Atherosclerosis is the thickening or hardening of arteries due to the deposit of fatty plaques. This can occur in any artery in the body and is the most common cause of heart attacks and strokes. Diet is the key component in prevention and reversal of atherosclerosis.
As Americans continue to make poor lifestyle choices, the current prevalence rates of atherosclerosis will continue to climb. Even young adults and children have been found to have atherosclerotic plaque, as demonstrated in the Bogalusa Heart Study.1
Atherosclerosis can occur throughout the body. Coronary heart disease refers to atherosclerosis in the arteries of the heart. Patients can experience chest pain, shortness of breath, dizziness, and nausea when suffering from plaque build-up in the heart. Carotid artery disease refers to atherosclerosis of the carotid arteries in the neck, which can result in strokes. Renal artery stenosis occurs in the kidneys and can cause elevated blood pressure and kidney dysfunction. Peripheral arterial disease occurs in the arteries of arms and legs and can cause pain, numbness, or tingling in extremities. Symptoms occur either by blockage of blood flow by enlarging plaques or by rupture of plaque leading to clot formation. Plaques can often become calcified making them more stable and less likely to rupture but more slow to dissolve with the dramatic benefits and reversals that routinely occur with a Nutritarian diet.

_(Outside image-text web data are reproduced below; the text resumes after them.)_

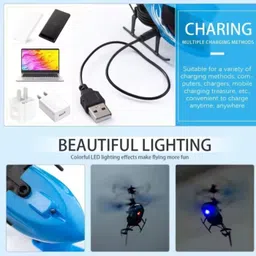 sky toys Gravity sensor RC Helicopter with Safety Sensor and 3D Light - Pack of 1 PQ image 5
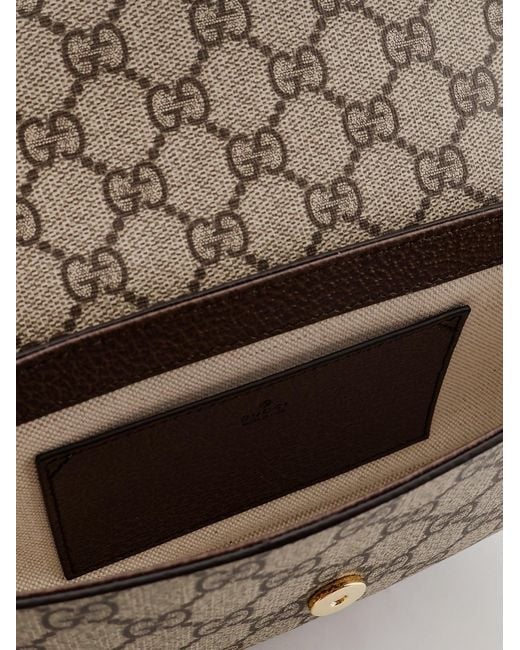 Gucci Gray Ophidia Gg Supreme Fabric Crossbody Bag
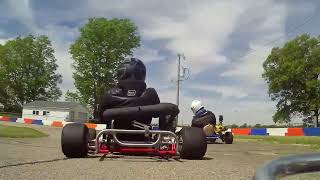 VKA Springfield - Vintage Dual Rear Engine Kart Onboard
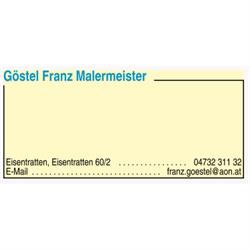 Göstel Franz Malermeister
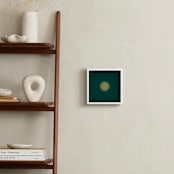 "Sun in the dust. Variations 41" - Art Print in Dark Aqua by Arash Fattahi Acosta - In a Room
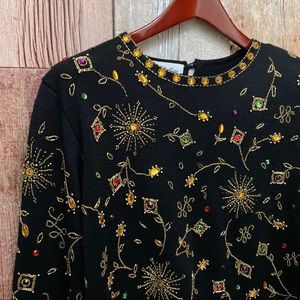 Vintage Destinee Beaded Top M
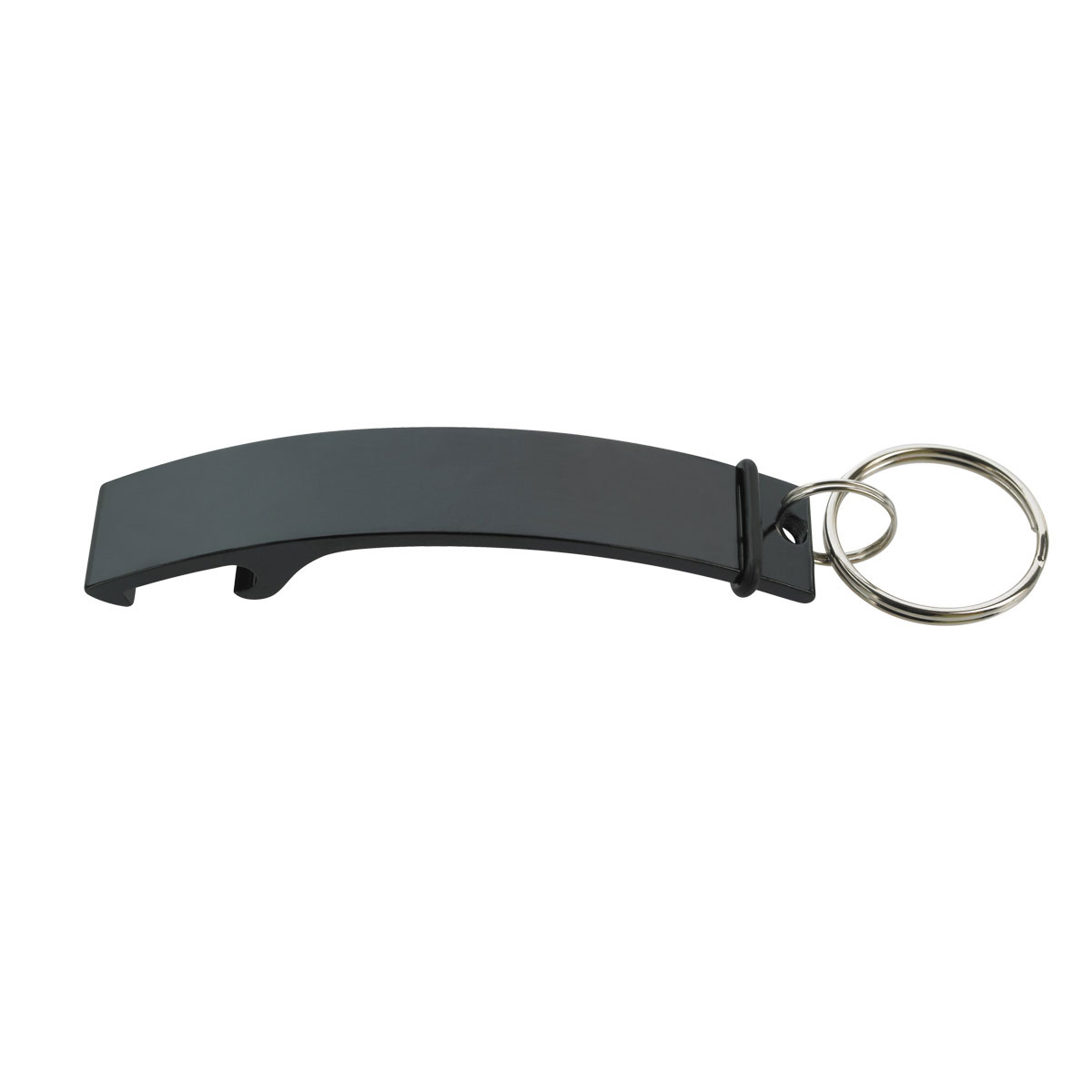 Black Curve Aluminum Bottle Opener 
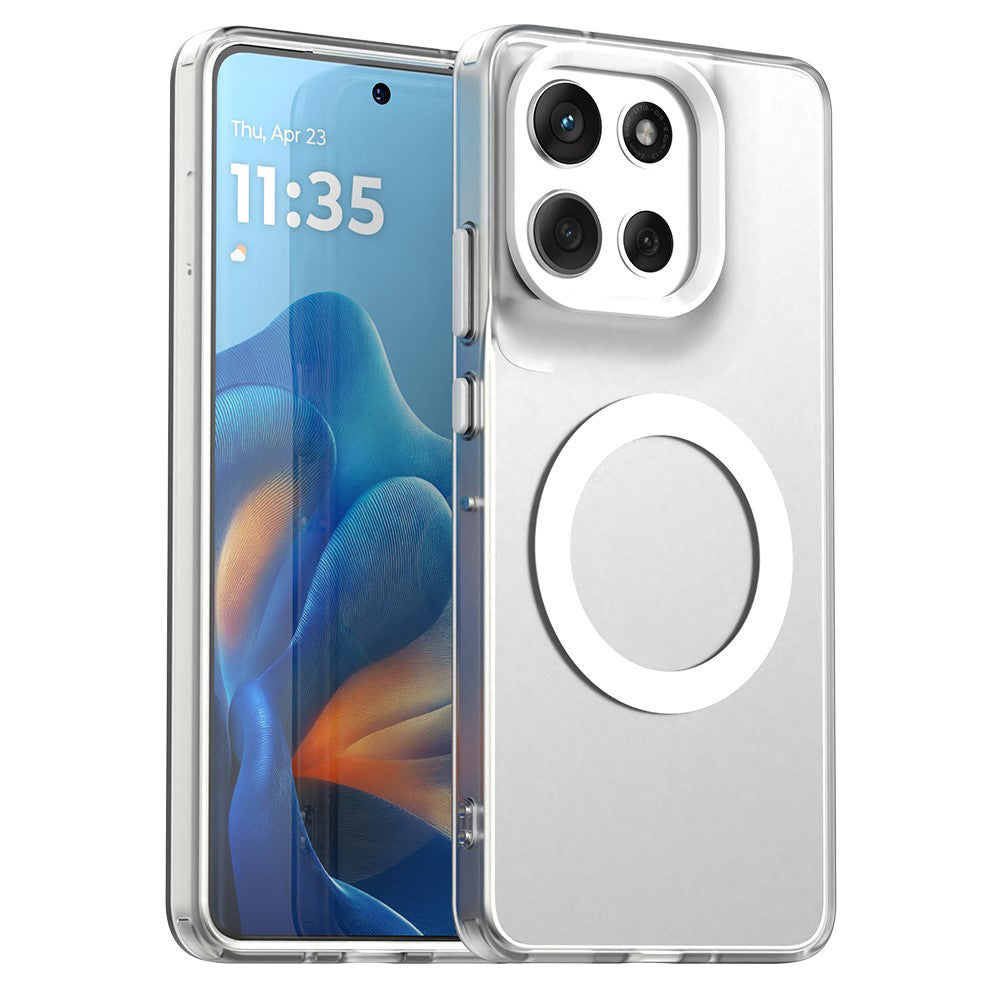 Ovitek MagSafe za Motorola Moto G86, Techsuit, CandyCase, Bela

Although an emphasis is put on family history as a risk factor, lifestyle factors such as nutrition and exercise, as well as environmental exposures have a powerful influence over the development of cardiovascular disease. Risk factors primarily develop as a result of the dangerous Standard American Diet, high in processed foods and animal products and low in protective, micronutrient-rich vegetation.
An exercise routine is essential in promoting cardiac health. Routines should be catered to the individual, as some patients may experience episodes of chest pain with aggressive exercise, so some limitations may be necessary.
Elimination of tobacco in conjunction with a high nutrient diet is essential to lower your risk of cardiovascular disease and allow disease reversal to improve symptoms.4
* Foods containing at least 0.4 grams per serving of plant sterols, taken twice a day with meals for a daily total intake of at least 0.8 grams, as part of a diet low in saturated fat and cholesterol, may reduce the risk of heart disease. LDL Biotect provides 0.54 grams of plant sterols in each two-capsule serving.
The following are sample questions from the Ask the Doctor Community Platinum and higher members can post their health questions directly to Dr. Fuhrman. (All members can browse questions and answers.)
Does the Nutritarian diet reduce the plaque build-up in your arteries that existed before you started your Nutritarian diet? Or, will it only eliminate soft plaque as opposed to the hard plaque? How long does it take for that plaque formation to be eliminated?
It starts reducing plaque immediately, just like you start losing weight immediately, however, the speed and efficiency of plaque reduction occurs after you have lost most excess weight, so getting thin facilitates the burn off of the plaque. Both types of plaque can be eliminated, but it could take years. The probability of having a clot and heart attack is reduced immediately, and the plaque still stabilizes and becomes resistant to rupture and clots in a reasonable time frame way before the plaque is totally removed.
My understanding is that to reverse heart disease, you recommend a vegan diet with 1 oz. of nuts and seeds/day. My question is, if someone is only 5-8 pounds overweight (by your guidelines) and they adhere to a vegan diet but include 2-3 oz. of nuts/seeds, will they still be able to reverse atherosclerotic plaque? I know most importantly, they need to be very lean, but if this weight loss can be achieved with 2 oz. nuts and seeds in place of extra fruit, is reversal still possible?
It is not necessary to limit nuts and seeds to only one ounce. High levels of ALA, an unsaturated fatty acid found in flax, walnuts, vegetables, and soy have been inversely associated with IMT scores, which is a surrogate marker for atherosclerosis. In one study, individuals with the highest levels of polyunsaturated fatty acids had a 44% reduced risk of inflammatory disease mortality. Nuts containing these fatty acids, as well as other components like magnesium and sterols, appear to be anti-atherogenic.
It is not the fat (from nuts and seeds) but the total calories that determine one’s weight and body fat percent. So, if you are consuming too much food, the 3 ounces of nuts could contribute to the excess calories that you did not need. Overeating on any food could slow or retard the reversal that is possible because a lower body fat percent (not diet percent) accelerates the reversal process.
In other words, only eat when hungry. Err on the side of under-eating, not overeating. Do not snack, and it would be fine to eat 2 ounces of seeds and nuts a day. The nutritional profile of a nut containing diet is safer and more effective at reversing heart disease and has been found in studies to be linked to longer life in general, meaning reduced mortality from cancer, possibly due to the increased absorption of phytochemicals and fat-soluble nutrients.